As urban anthropologist Robert Dannin points out in his 2002 ethnography, Black Pilgrimage to Islam, some of the most intense and divisive feelings about polygamy are found within the Muslim community itself. Many Muslim women, of course, are frankly relieved that the law of the land forbids husbands from taking multiple wives. But Muslim religious leaders, who are by definition male, may have slightly different motivations in accepting the legal status quo. At a moment when leading presidential candidates can suggest the routine wiretapping of mosques and nearly half of the American public has a negative view of Islam, championing polygamy hardly seems like a winning strategy.

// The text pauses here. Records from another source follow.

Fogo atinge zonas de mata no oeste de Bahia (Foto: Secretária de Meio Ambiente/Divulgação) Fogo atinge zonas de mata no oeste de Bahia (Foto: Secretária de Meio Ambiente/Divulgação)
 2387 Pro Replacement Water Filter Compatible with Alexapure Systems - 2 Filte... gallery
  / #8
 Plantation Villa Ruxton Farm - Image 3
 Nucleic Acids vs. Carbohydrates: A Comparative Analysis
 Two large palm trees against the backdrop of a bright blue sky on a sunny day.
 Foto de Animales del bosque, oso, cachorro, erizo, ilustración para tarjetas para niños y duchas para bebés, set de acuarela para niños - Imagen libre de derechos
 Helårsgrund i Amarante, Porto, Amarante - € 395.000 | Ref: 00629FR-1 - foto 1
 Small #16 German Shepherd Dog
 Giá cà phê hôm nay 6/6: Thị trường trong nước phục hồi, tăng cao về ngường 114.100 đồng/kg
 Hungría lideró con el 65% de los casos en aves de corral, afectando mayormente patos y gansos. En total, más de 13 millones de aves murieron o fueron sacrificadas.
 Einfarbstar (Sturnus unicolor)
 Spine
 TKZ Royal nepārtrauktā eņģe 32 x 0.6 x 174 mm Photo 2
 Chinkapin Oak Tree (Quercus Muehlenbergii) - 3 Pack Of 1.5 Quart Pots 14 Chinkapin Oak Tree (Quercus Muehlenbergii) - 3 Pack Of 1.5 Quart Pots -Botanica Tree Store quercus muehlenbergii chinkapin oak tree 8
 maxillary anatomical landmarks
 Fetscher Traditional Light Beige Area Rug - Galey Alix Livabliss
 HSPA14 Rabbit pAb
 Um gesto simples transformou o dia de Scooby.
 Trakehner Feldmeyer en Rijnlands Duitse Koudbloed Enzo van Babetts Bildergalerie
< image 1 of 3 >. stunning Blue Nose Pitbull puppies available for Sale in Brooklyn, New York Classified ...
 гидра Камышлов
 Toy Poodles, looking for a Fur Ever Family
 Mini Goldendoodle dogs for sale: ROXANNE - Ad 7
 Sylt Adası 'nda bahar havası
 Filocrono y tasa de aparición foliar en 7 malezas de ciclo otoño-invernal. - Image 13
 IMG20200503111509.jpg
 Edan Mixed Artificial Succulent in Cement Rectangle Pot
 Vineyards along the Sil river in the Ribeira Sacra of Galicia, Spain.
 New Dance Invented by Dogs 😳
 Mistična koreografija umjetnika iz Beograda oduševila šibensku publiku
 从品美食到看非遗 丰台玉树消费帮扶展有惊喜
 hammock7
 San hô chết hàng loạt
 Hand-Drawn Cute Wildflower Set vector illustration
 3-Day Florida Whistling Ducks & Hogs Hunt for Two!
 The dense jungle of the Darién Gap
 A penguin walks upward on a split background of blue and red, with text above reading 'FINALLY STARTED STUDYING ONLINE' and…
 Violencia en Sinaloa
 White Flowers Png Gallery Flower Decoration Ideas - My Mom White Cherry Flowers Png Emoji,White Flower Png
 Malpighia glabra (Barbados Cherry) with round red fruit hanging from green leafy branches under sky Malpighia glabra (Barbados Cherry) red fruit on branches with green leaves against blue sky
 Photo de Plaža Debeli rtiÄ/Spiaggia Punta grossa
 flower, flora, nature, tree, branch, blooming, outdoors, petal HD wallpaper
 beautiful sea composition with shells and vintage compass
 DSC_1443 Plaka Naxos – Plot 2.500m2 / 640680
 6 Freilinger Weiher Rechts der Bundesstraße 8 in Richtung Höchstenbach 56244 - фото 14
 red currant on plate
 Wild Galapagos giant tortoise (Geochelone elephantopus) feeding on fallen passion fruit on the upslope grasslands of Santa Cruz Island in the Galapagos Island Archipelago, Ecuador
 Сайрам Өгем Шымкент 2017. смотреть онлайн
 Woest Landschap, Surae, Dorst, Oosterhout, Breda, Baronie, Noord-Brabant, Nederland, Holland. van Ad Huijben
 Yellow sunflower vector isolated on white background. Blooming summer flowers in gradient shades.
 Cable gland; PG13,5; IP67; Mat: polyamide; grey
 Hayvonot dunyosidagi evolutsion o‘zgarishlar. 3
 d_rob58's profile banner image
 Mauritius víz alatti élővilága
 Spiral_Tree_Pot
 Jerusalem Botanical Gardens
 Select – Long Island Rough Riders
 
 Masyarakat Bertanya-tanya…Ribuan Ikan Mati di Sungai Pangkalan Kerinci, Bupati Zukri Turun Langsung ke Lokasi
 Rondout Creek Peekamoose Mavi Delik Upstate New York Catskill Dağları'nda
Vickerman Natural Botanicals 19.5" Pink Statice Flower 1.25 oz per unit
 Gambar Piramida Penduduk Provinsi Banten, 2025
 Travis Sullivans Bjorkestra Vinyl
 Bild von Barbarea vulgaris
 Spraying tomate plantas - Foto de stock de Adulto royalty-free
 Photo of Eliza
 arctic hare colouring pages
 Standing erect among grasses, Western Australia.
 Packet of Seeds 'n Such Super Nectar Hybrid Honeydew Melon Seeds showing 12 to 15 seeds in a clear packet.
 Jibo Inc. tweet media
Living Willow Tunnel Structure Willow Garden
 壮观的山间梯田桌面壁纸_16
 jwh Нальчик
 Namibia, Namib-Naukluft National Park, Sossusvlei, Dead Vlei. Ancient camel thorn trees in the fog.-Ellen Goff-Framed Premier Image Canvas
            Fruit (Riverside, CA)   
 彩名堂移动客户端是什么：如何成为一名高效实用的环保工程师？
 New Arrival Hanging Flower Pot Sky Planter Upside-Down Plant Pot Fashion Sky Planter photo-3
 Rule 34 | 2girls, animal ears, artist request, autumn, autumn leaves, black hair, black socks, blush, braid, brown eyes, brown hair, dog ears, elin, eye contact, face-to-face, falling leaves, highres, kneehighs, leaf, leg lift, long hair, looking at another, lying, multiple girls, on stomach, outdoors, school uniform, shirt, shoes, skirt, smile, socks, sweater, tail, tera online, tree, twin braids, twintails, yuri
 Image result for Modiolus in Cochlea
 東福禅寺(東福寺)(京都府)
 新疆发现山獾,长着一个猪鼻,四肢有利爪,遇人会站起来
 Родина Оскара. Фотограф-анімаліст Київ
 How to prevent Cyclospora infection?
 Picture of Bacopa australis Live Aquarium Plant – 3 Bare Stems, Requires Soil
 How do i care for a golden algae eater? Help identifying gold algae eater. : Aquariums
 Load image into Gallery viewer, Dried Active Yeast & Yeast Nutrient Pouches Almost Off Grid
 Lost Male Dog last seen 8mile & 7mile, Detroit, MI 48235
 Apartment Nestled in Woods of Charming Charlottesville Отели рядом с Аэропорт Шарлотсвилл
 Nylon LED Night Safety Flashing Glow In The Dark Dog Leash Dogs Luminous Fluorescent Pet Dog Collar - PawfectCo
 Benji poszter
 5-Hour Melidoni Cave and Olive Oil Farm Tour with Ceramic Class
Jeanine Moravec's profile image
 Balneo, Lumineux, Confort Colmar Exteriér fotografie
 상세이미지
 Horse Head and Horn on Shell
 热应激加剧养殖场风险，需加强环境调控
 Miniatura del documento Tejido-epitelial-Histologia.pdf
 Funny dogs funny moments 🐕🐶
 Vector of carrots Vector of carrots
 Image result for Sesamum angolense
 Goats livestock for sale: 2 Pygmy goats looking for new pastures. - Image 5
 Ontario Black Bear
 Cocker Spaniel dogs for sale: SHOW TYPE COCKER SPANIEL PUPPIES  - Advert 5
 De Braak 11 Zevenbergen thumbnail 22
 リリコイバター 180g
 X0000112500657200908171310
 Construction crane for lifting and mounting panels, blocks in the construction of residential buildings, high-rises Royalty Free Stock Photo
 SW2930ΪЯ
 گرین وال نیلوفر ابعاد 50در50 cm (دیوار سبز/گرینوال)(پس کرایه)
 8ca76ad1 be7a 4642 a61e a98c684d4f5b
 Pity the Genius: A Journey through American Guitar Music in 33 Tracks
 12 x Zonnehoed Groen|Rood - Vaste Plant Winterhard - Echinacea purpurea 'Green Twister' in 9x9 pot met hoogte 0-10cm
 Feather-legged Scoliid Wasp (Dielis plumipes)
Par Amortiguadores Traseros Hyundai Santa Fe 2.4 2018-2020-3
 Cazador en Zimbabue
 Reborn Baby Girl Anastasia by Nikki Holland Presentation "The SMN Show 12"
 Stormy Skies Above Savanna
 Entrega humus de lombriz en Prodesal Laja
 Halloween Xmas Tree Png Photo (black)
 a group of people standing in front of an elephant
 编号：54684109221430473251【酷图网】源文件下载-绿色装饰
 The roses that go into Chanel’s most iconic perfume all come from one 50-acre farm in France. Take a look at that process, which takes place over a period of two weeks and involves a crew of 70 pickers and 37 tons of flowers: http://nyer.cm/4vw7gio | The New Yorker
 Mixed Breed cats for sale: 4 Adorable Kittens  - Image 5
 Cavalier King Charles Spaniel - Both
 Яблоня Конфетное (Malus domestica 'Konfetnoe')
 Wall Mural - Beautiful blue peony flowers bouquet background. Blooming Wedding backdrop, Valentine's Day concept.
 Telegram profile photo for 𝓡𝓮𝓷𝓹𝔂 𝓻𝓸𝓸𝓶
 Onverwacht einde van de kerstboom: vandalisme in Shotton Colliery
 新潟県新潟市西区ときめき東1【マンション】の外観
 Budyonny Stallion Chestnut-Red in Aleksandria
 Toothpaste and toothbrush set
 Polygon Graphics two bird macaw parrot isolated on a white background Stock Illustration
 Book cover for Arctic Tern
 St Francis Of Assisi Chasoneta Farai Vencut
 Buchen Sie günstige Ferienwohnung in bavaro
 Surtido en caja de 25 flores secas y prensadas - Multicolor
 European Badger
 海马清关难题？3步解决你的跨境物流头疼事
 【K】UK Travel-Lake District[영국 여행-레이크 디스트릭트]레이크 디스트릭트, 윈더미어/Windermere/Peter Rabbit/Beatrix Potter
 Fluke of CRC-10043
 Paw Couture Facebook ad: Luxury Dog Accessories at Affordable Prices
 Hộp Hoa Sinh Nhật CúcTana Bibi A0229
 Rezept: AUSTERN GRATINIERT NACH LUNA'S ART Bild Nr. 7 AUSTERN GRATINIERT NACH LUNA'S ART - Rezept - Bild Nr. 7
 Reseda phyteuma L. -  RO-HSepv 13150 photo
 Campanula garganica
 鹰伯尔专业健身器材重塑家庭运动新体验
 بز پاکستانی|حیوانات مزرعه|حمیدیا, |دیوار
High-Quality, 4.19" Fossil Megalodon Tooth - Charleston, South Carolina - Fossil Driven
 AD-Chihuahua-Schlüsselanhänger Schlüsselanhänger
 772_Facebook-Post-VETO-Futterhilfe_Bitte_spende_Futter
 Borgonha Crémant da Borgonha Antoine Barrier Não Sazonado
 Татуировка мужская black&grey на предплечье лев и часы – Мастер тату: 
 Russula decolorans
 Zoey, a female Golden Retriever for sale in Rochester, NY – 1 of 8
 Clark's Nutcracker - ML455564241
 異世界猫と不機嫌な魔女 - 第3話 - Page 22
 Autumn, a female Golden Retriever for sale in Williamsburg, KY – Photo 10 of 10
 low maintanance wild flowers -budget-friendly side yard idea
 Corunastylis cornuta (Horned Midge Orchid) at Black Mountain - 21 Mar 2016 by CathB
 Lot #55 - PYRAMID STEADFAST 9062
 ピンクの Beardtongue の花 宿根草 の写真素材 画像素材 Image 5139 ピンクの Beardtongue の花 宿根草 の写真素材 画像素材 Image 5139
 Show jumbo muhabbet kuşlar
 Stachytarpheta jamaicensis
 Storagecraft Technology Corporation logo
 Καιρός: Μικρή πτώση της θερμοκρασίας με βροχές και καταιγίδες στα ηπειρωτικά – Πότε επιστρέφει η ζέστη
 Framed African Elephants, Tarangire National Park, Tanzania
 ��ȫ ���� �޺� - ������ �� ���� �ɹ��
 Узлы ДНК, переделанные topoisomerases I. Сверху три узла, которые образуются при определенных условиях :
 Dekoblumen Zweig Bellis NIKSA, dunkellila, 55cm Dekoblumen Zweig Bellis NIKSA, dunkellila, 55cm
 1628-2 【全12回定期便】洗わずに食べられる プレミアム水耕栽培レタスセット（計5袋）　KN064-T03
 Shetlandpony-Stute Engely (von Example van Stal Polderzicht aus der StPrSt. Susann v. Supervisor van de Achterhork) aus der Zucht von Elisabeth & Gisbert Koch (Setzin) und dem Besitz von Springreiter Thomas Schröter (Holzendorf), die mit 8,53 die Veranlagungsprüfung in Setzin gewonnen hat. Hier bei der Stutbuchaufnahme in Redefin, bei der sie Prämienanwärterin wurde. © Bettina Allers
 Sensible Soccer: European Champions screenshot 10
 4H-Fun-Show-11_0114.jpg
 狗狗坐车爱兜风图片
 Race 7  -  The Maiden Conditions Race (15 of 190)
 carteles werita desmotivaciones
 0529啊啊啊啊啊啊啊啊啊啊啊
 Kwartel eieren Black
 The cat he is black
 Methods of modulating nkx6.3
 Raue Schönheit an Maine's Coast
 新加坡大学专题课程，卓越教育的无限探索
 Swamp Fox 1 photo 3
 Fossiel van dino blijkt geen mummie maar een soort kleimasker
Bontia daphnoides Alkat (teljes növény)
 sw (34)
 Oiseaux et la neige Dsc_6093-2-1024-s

Back in 1890, when the federal government was preparing to dissolve the Mormon church, confiscate its property, and possibly even disenfranchise all its members in large part because of polygamy, the church's then-president, Wilford Woodruff, publicly declared his advice to all Latter-Day Saints to "refrain from contracting any marriage forbidden by the law of the land." Although American Muslim leaders have not been backed into such an uncomfortable corner, they are quietly issuing their own 1890 manifesto: consenting to theological accommodation as a price of American belonging.